▶ [EXERCISE] Write out exactly the lines from the one holding "דגל ישראל בכיכר" to the last line of the entries, both ends included and nothing else, without the pictures.

= = =

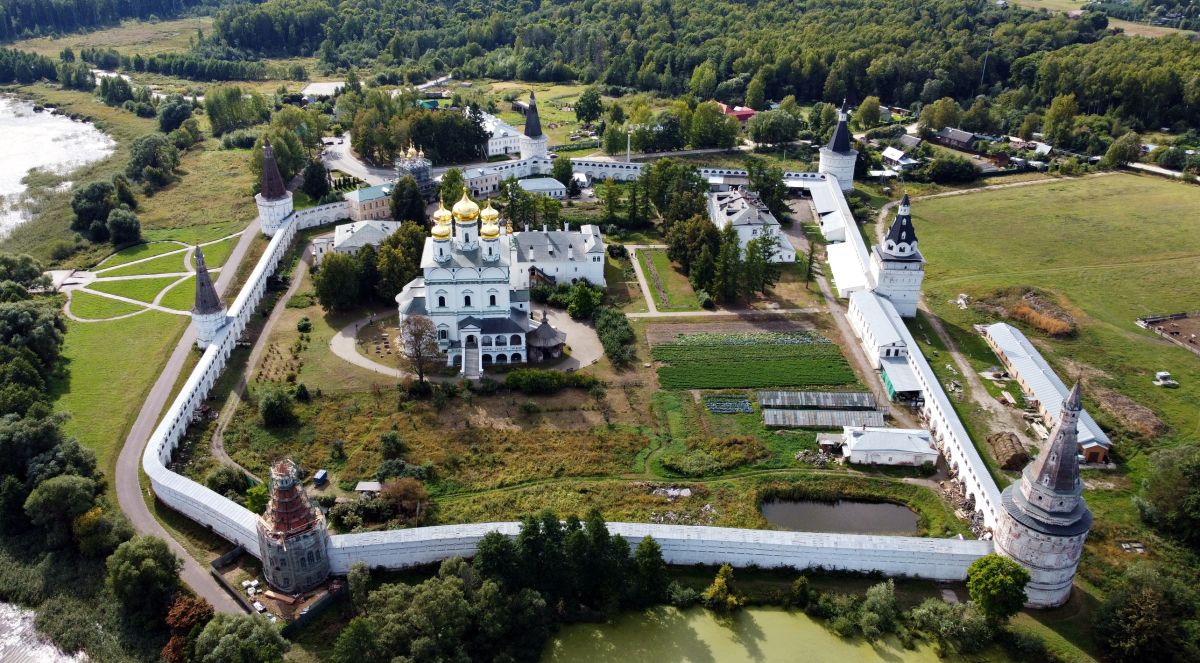 Успенский Иосифо-Волоцкий монастырь, Теряево (Волоколамский городской округ, Московская область). общий вид в ландшафте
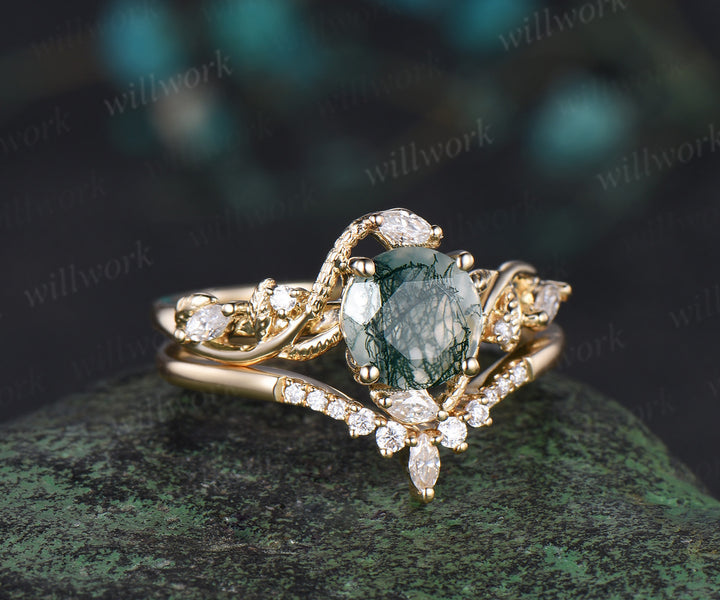 Round cut moss agate ring vintage yellow gold leaf Snake unique engagement ring twisted diamond bridal wedding ring women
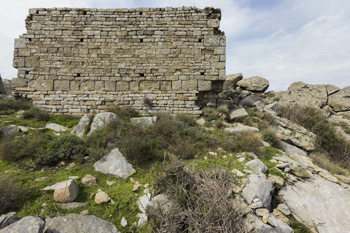 Picture of: The oldest wall on Elba island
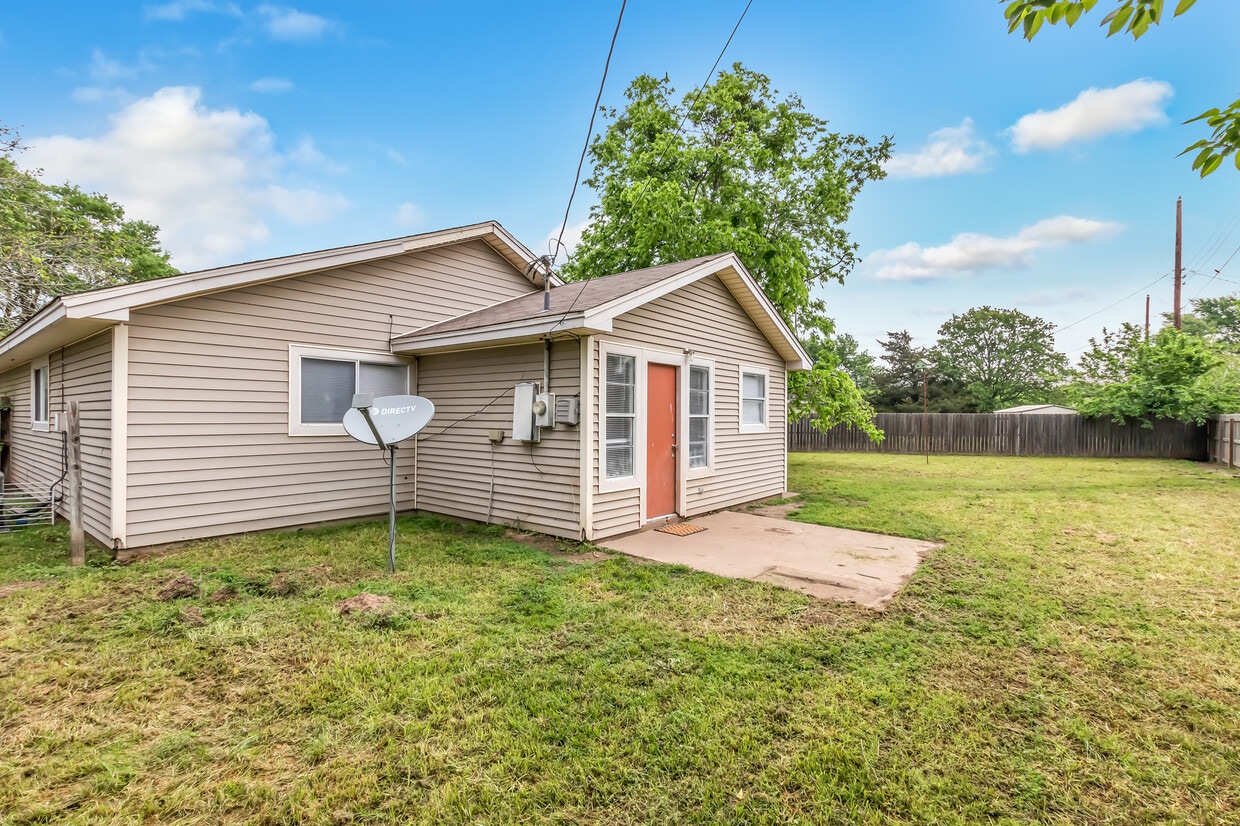 Primary Photo - 3402 Timberline Ct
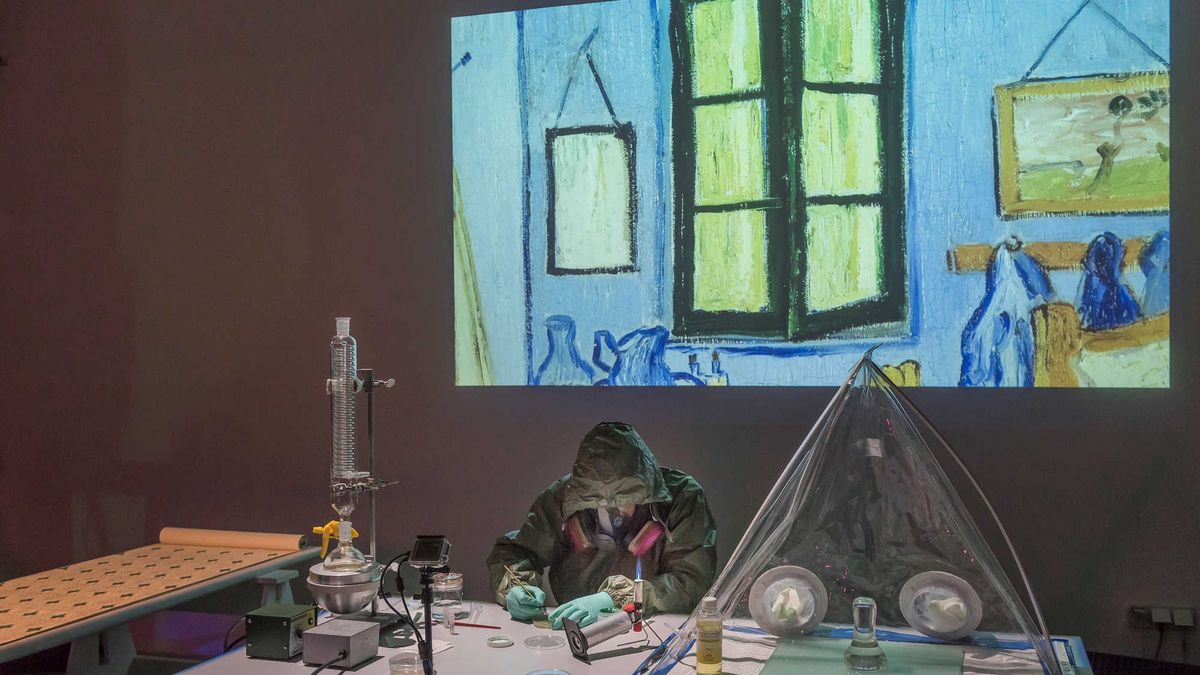 Hiện chỉ còn 5 trong số 100 bản gốc còn tồn tại, hầu hết đã bị hủy vì nguy cơ thạch tín.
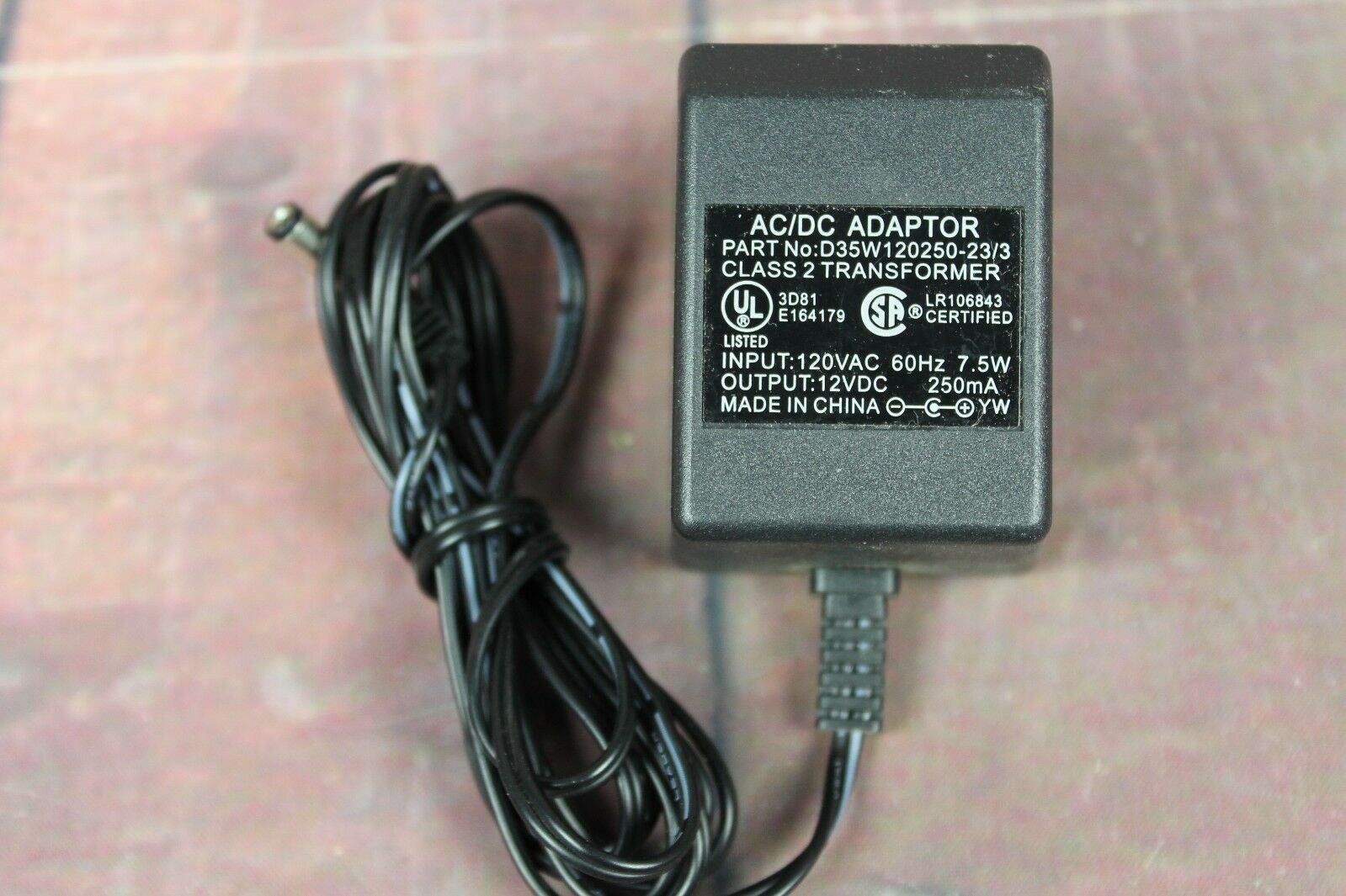 NEW AC DC Adaptor D35W120250-23/3 Class 2 Transformer 12VDC 250mA Power supply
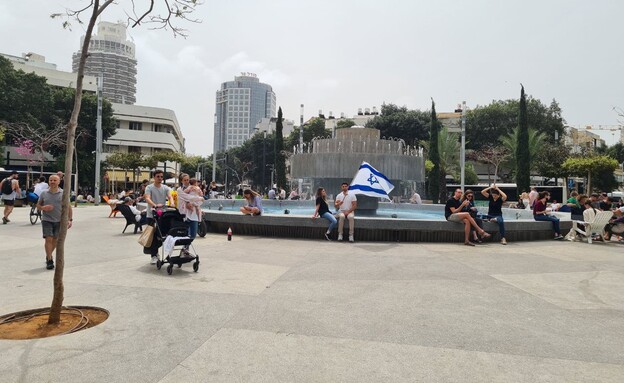 דגל ישראל בכיכר דיזנגוף, תל אביב (צילום: n12)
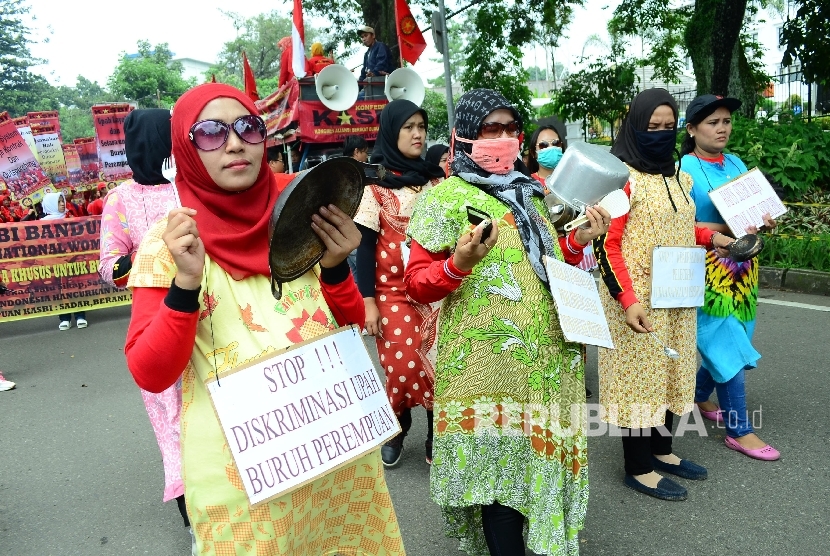  Para buruh perempuan yang tergabung dalam Kongres Aliansi Serikat Buruh Indonesia (KASBI) membawa peralatan dapur pada aksi bertepatan dengan Hari Perempuan Internasional di depan Gedung DPRD Jabar, Jl Diponegoro, Kota Bandung, Rabu (8/3).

= = =

▶ [YOUR SOLUTION]
 דגל ישראל בכיכר דיזנגוף, תל אביב (צילום: n12)
  Para buruh perempuan yang tergabung dalam Kongres Aliansi Serikat Buruh Indonesia (KASBI) membawa peralatan dapur pada aksi bertepatan dengan Hari Perempuan Internasional di depan Gedung DPRD Jabar, Jl Diponegoro, Kota Bandung, Rabu (8/3).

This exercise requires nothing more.